TASK OBJECTIVE:
Look through the records, and whenever a line includes the word "with", copy it.

Stored items from a collection:
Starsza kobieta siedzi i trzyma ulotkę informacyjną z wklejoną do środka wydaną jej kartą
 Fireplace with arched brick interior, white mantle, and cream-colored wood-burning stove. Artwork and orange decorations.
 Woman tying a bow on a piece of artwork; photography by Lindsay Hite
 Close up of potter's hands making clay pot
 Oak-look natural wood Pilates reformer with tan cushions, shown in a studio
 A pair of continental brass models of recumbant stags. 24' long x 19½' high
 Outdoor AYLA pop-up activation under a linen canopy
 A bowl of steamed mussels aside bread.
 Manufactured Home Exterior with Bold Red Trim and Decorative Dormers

YOUR RESPONSE:
 Fireplace with arched brick interior, white mantle, and cream-colored wood-burning stove. Artwork and orange decorations.
 Oak-look natural wood Pilates reformer with tan cushions, shown in a studio
 Manufactured Home Exterior with Bold Red Trim and Decorative Dormers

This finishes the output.